Escrevo ficção para jornal e ajudo a manter um blog de literatura, mas a minha profissão de carteira assinada é a de professor de filosofia. O que a princípio era só vida dupla começou a se misturar. Cheguei a fazer personagem com tiques de algum alemão e a escrever apostila com alma de conto, vide uma entrevista imaginária com Aristóteles que divertiu a moçada. Em piores momentos, já não sei o começo do professor e o fim do escritor ou mesmo o contrário. Alguns chegados põem os dedos entre as sobrancelhas e fecham os olhos: pronto, extrapolou-se! É verdade, meus caros, o cachimbo entorta mesmo o lábio e uma coisa cai para o olho de tanto se mexer na cabeça, mas juro que a filosofia mora também ali na literatura, embora jurar repita a circularidade de quem crê para quem vê, e que costuras teóricas parecem decidir narrativas tão quanto casamentos ou velórios.
Bom, gostaria de retroceder à origem do problema: quando fui me inscrever no vestibular. Na verdade interpretei mal o guia de candidato e achei que se precisasse saber inglês ou espanhol para o ingresso em Letras, a minha opção declarada. Tive pavor, quase não entendia da gramática nem de um, nem de outro, e pela proximidade da prova não imaginei um meio. Escapei então para a lista de cursos, na busca de algum que me interessasse e ainda permitisse o meu nível de estudos com horas a mais de livros e blogs do que módulos. O resto da história já se adivinha, a não ser pela sua metade: cheguei a deixar a faculdade, pois até me interessava por aqueles conceitos e teses, mas o meu negócio era mesmo ler e fazer literatura. Tratava-se do “meu destino” e do “sonho puro”: a ação que a plateia invisível esperava de mim. Ao me ouvir discursar dessa forma, um colega meu, mais experiente e um pouco mais palpável que os meus espectadores, deu-me alguns tapas no ombro com força maior que a simples camaradagem e me chamou à biblioteca.
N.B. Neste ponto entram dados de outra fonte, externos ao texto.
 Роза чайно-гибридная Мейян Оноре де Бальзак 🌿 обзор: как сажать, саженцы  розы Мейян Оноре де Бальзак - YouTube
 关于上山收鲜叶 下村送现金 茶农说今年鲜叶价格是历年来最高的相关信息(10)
Ele primeiro se dirigiu aos livros de Borges e abriu a antologia poética. Com a paciência de um carcereiro, pôs o polegar no poema sobre o rio de Heráclito e depois leu em voz alta outros versos que tratavam de Espinosa e de Schopenhauer. Quase me pôs na cara a sessão dos animais metafísicos em “O livro dos seres imaginários” e as considerações sobre Platão em “História da Eternidade”. Foi em Drummond, Bandeira e João Cabral me mostrar debates sobre a questão do ser. Leu frases aleatórias de “A Montanha Mágica”, de Thomas Mann, explicou doutrinas de Hermann Hesse, tocou nas páginas de Balzac, de Dostoiévski, de Flaubert. Perguntou onde eu acreditava terem surgido os pressupostos do romantismo ou do naturalismo. Diante de minha mudez, o meu colega pediu uma pausa para o cigarro.
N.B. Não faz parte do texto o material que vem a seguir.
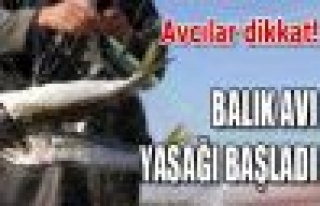 Deniz Avındaki Yasak Bugün Başlıyor!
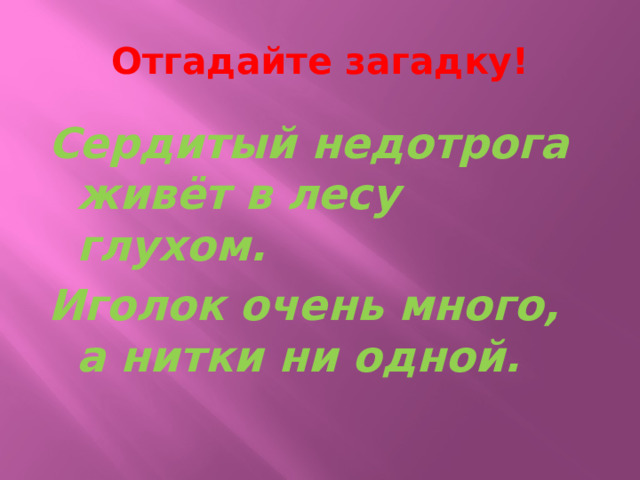 Отгадайте загадку! Сердитый недотрога живёт в лесу глухом. Иголок очень много, а нитки ни одной.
Na continuidade do passeio, ele pulou os exemplos óbvios de Voltaire, Sartre e Camus, e preferiu me dar na testa com um exemplar de “O guardador de rebanhos”. Apontou depois para “Angústia”, de Graciliano Ramos, para “A paixão segundo G. H.”, de Clarice Lispector, e lembrou as teses de Oswald de Andrade sobre antropofagia e as querelas marxistas nos romances de Jorge Amado. Lamentou não localizar algumas das frases de “Grande Sertão: veredas” que são relaborações de máximas de Pascal e de místicos medievais. E quando enfim me apoiei em uma prateleira, derrotado, o colega pousou a palma em meu ombro e falou: “Há homens, disse certa vez um professor meu, que vão da poesia à filosofia, outros que vão da filosofia à poesia. O inevitável é ir de um ao outro, nisto como em tudo”.
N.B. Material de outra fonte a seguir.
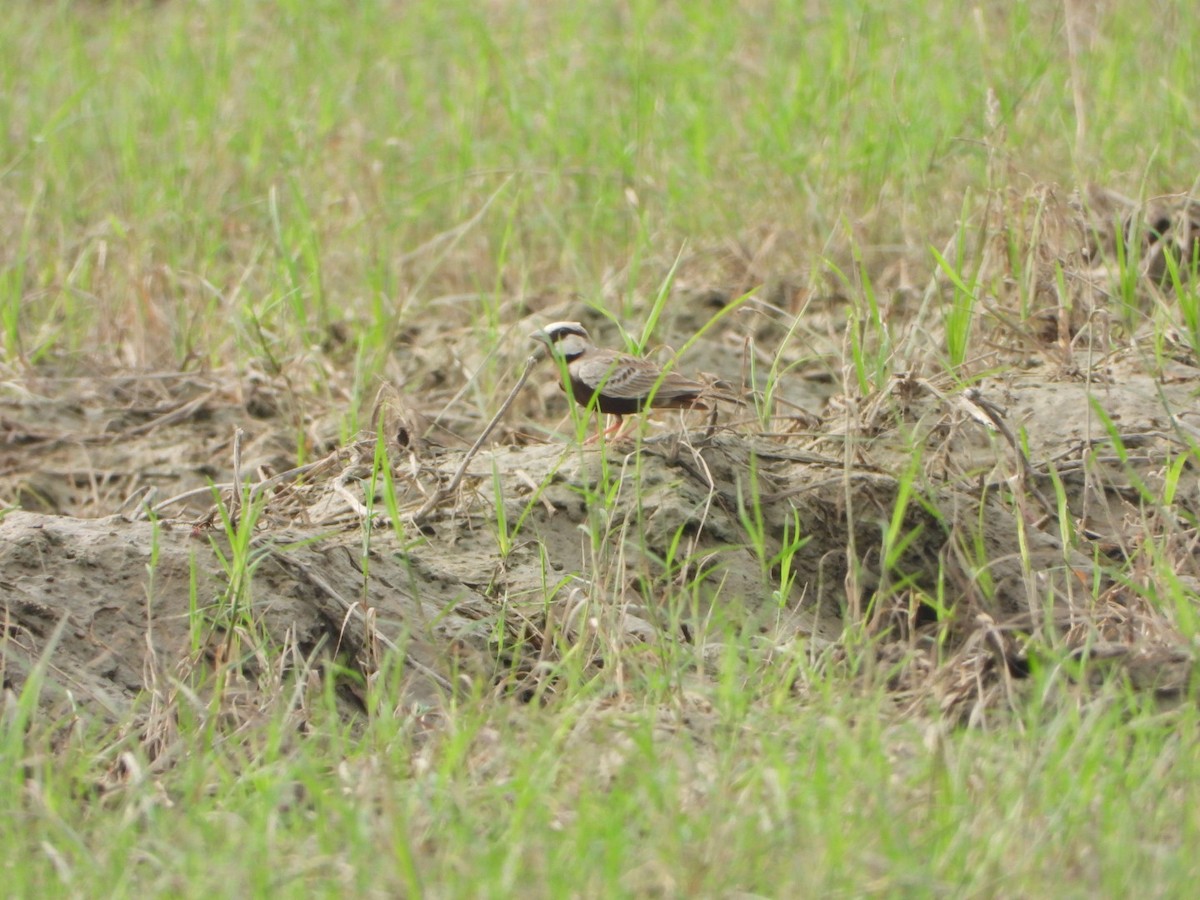 Ashy-crowned Sparrow-Lark - ML642010237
Outro momento para a memória foi o de um senhor do meu prédio, que me via receber alguns exemplares por correio. Em uma das subidas pela escada, ele me abordou e me pediu que eu lhe visitasse à noite. “Vou te mostrar como é que fazem uma boa história”, anunciou, para minha total desconfiança. Já que a curiosidade foi maior, segui ao local no horário. Entrei, pedi licença e me deparei com o senhor vestido de avental. “Venha me ajudar com o jantar”, disse ele, o que não tive jeito de retroceder. O senhor entrou na cozinha e continuou a picotar um tomate. Na pausa, pegou uma cebola do cesto e a colocou em cima da pia para que eu a descascasse totalmente. Obedeci entre o riso sufocado, a vontade de fugir ou qualquer sensação de estranhamento. Quando lhe mostrei a cebola reduzida a um gérmen branco, ele falou: “Viu todas essas camadas? Uma boa história é feita assim”.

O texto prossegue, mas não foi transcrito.